Bug 254639 - Fork syscall performance
Summary: Fork syscall performance
Status: New
Alias: None
Product: Base System
Classification: Unclassified
Component: kern (show other bugs)
Version: Unspecified
Hardware: Any Any
: --- Affects Some People
Assignee: freebsd-bugs (Nobody)
URL:
Keywords:
Depends on:
Blocks:
 
Reported: 2021-03-29 13:12 UTC by Kirill
Modified: 2021-03-31 06:04 UTC (History)
1 user (show)

See Also:


Attachments
dtrace stack (337.64 KB, text/plain)
2021-03-31 06:04 UTC, Kirill
no flags Details

Note You need to log in before you can comment on or make changes to this bug.
Description Kirill 2021-03-29 13:12:44 UTC
Hello.

Can someone please explain where is the error? I am running Python code that simulates forking a large process and gives poor performance results. Average 4 seconds.

import time
import os
some_str = ' ' * (100 * 1024 * 1024 * 1024)
while True:
    p = time.time()
    pid = os.fork()
    tt = time.time() - p
    if pid != 0:
        print("%d "%pid + str(tt) )
        time.sleep(1)
    if pid == 0:
        break
Comment 1 Mark Johnston freebsd_committer 2021-03-29 15:26:17 UTC
How much RAM do you have?  Hopefully more than 100GB.

I suspect that we're spending a lot of time in pmap_copy(), which copies page tables into the child process.  It only copies referenced PTEs, but in this case we'll copy all of the page tables backing some_str.

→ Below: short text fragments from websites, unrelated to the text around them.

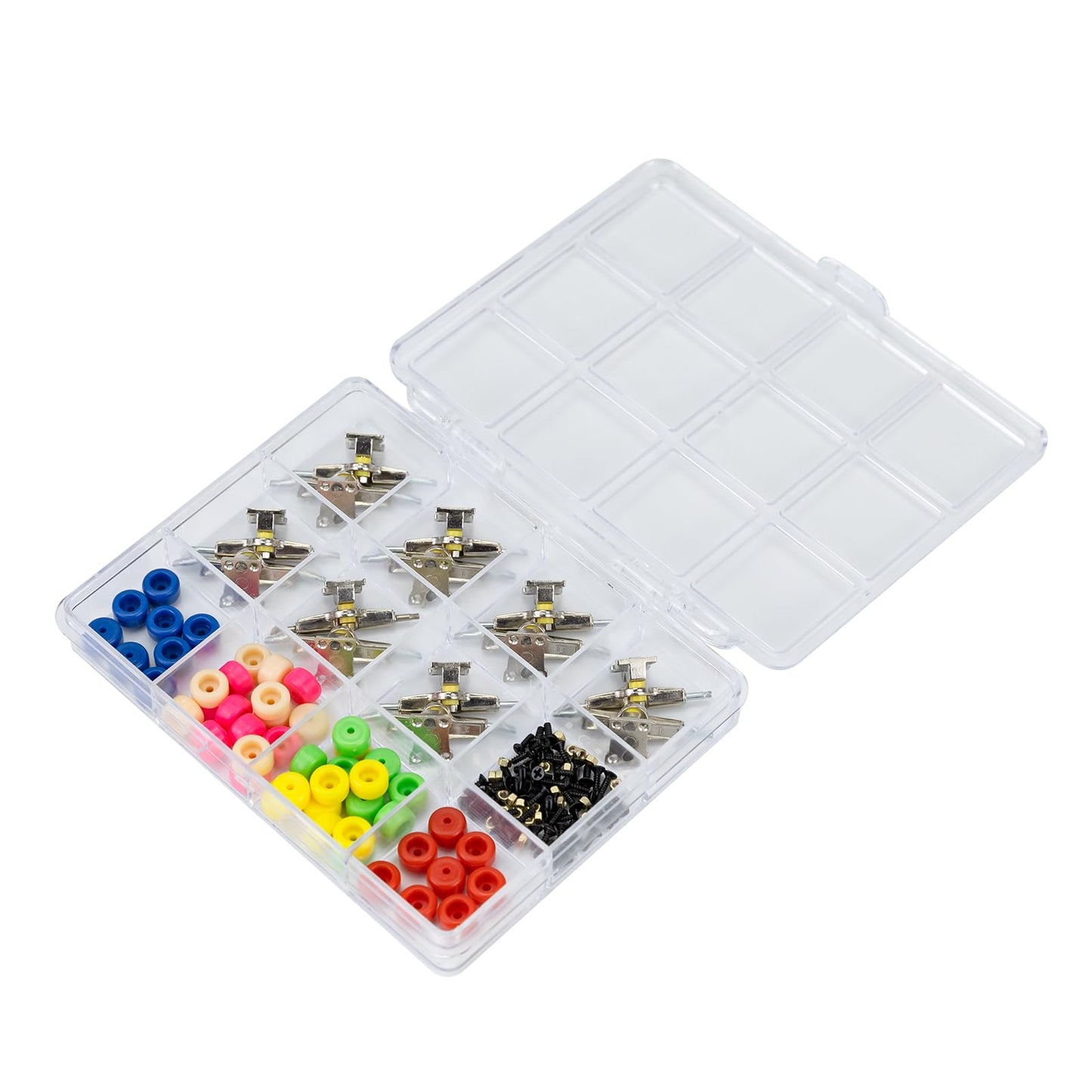 Displaymore Fingerboard Repair Kit -Includes Box & Tools-Mini 96Mm Finger Skateboard Parts Include 14 Brackets 48 Multicolour Wh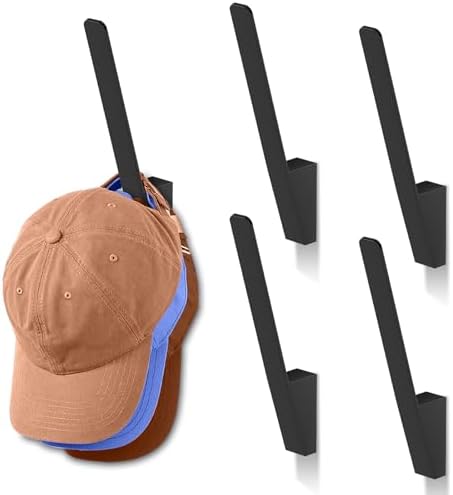 5 Pack Metal Hat Racks for Baseball Caps - Wall Mounted Storage Organizer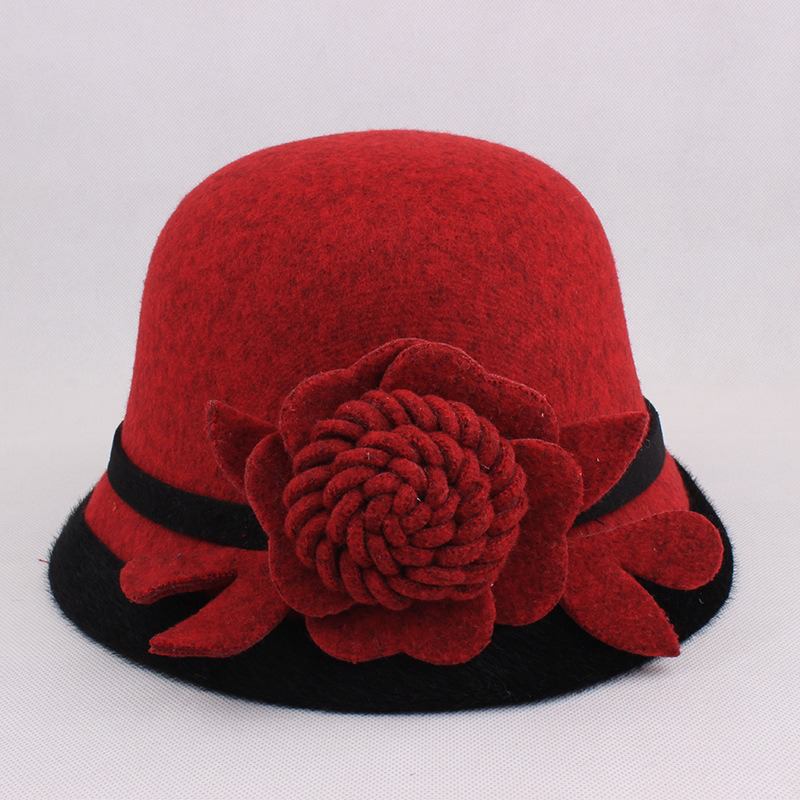 Dame Varm Ull Bowler Hat Blomstrete Ethnic Bucket Hat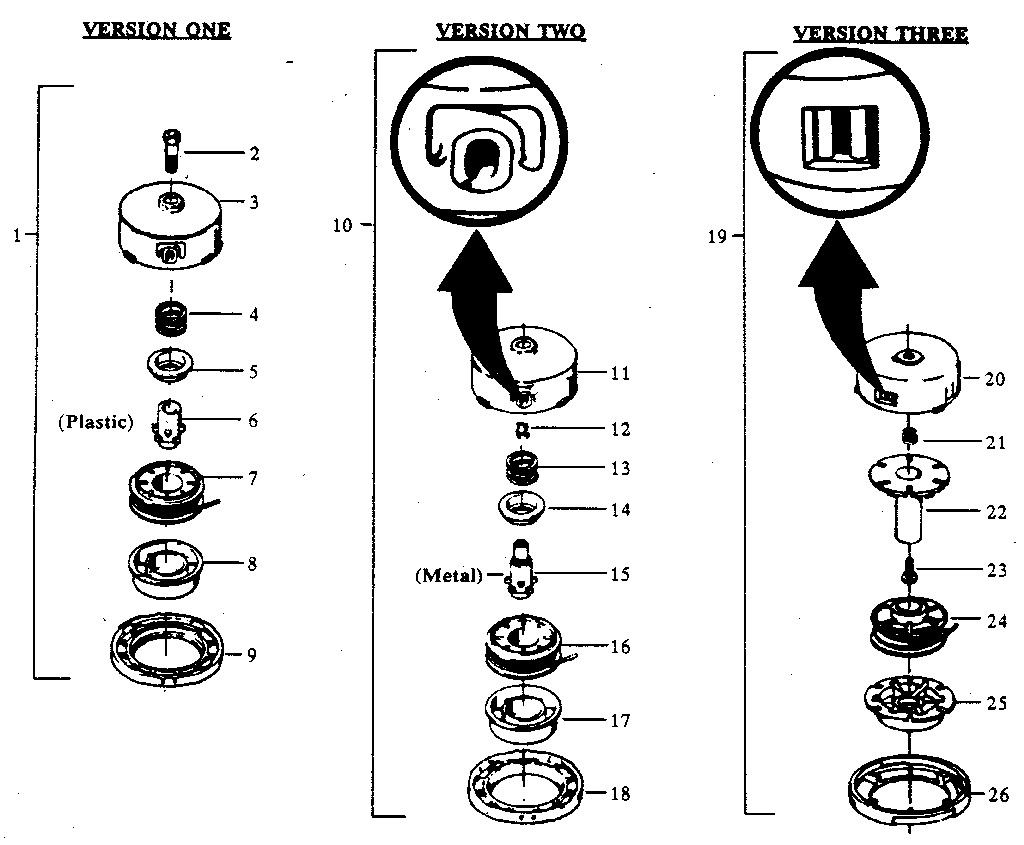 3 Version Cutting Head Diagram and Parts List for 358798121  Craftsman Trimmer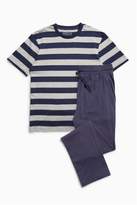 Thumbnail for your product : Next Mens Navy Wide Stripe Jersey Long Set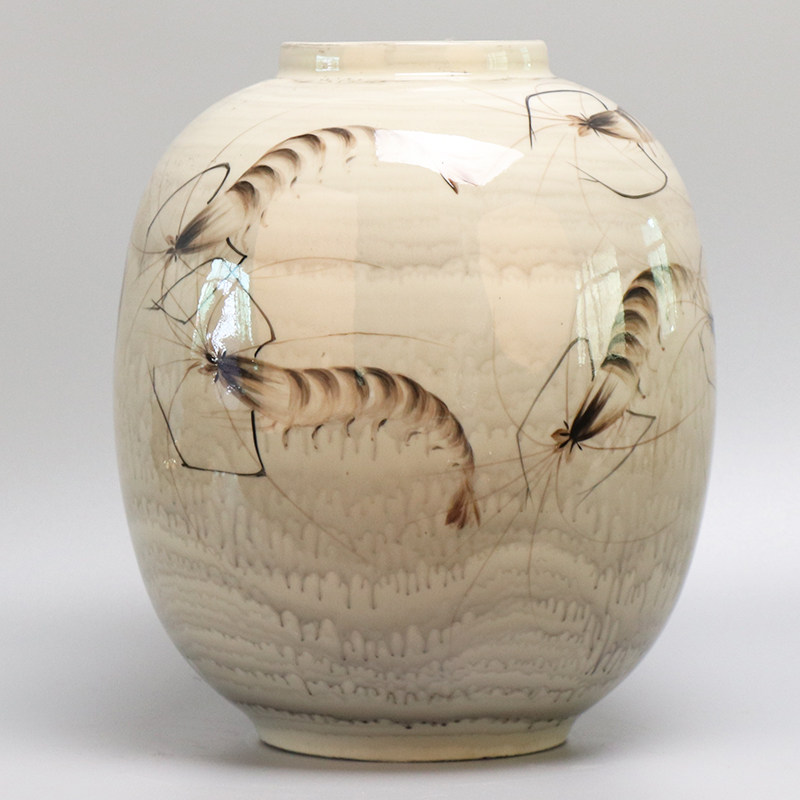 新中式陶瓷手绘虾花瓶摆件样板间轻奢客厅书房书架轻奢软装饰品,家居饰品,花瓶,淘宝优惠券,粉丝福利购,淘宝优惠卷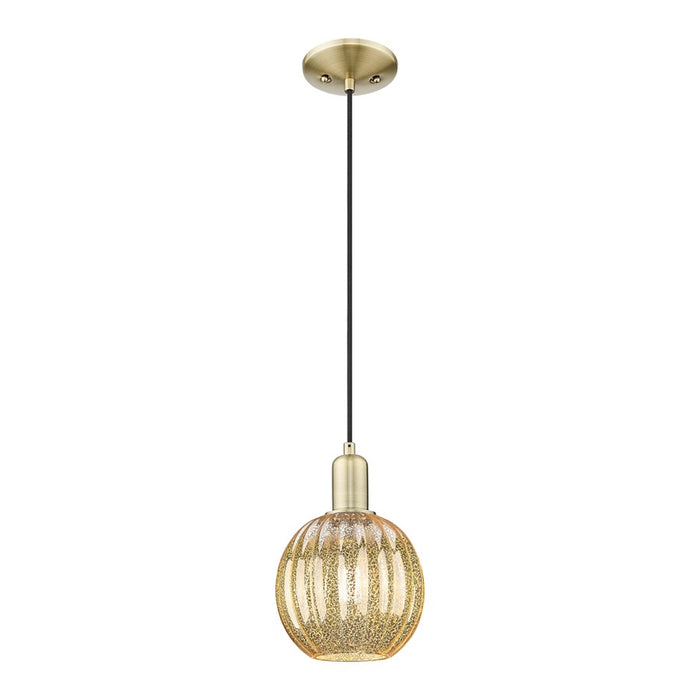 Innovations Preston 1Lt 7" Globe Cord Mini Pendant, AB/MC - 716-1P-AB-G458-7ME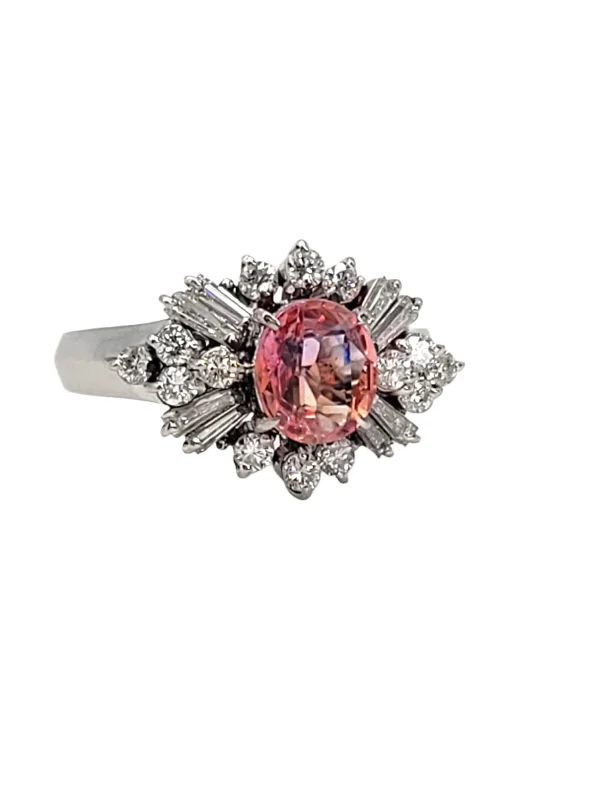 Rings For Gypsy Vibes-Estate Platinum Pink Sapphire and Diamond Ring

You can try something like this to confirm:

# dtrace -q -n 'fbt::pmap_copy:entry /pid == $target/{self->ts = timestamp} fbt::pmap_copy:return /self->ts/{@ = sum(timestamp - self->ts); self->ts = 0;} tick-1s {printa("spent %@dns copying\n", @); clear(@);}' -c "python test.py"
Comment 2 Kirill 2021-03-29 15:36:42 UTC
I have 192GB. Trace:

dtrace -q -n 'fbt::pmap_copy:entry /pid == $target/{self->ts = timestamp} fbt::pmap_copy:return /self->ts/{@ = sum(timestamp - self->ts); self->ts = 0;} tick-1s {printa("spent %@dns
 copying\n", @); clear(@);}' -c "python test_fork.py"
spent 238724ns copying
spent 0ns copying
spent 0ns copying
spent 0ns copying
spent 0ns copying
spent 0ns copying
spent 0ns copying
spent 0ns copying
spent 0ns copying
25576 8.959986448287964
spent 525185651ns copying
spent 0ns copying
spent 0ns copying
spent 0ns copying
spent 0ns copying
spent 279323ns copying
25593 4.342242956161499
spent 434345424ns copying
spent 0ns copying
spent 0ns copying
spent 0ns copying
spent 0ns copying
spent 0ns copying
spent 0ns copying
spent 352273ns copying
spent 423458987ns copying
spent 0ns copying
25597 7.248447418212891
spent 0ns copying
spent 0ns copying
spent 0ns copying
spent 0ns copying
spent 0ns copying
25602 4.694051027297974
spent 432109608ns copying
spent 0ns copying
spent 0ns copying
spent 0ns copying
spent 0ns copying
spent 0ns copying
25619 4.810415983200073
Comment 3 Mark Johnston freebsd_committer 2021-03-30 22:21:45 UTC
If I am reading the output correctly, we are spending hundreds of ms copying page tables, but this is not where the majority of time is spent.

It would also be useful to see output from

# dtrace -n 'profile-997hz /pid == $target/{@[stack()] = count()}' -c "python test.py"
Comment 4 Kirill 2021-03-31 06:04:42 UTC
Created attachment 223724 [details]
dtrace stack

Yep. Somewhere hidden more than 4 seconds. Trace in the attachment.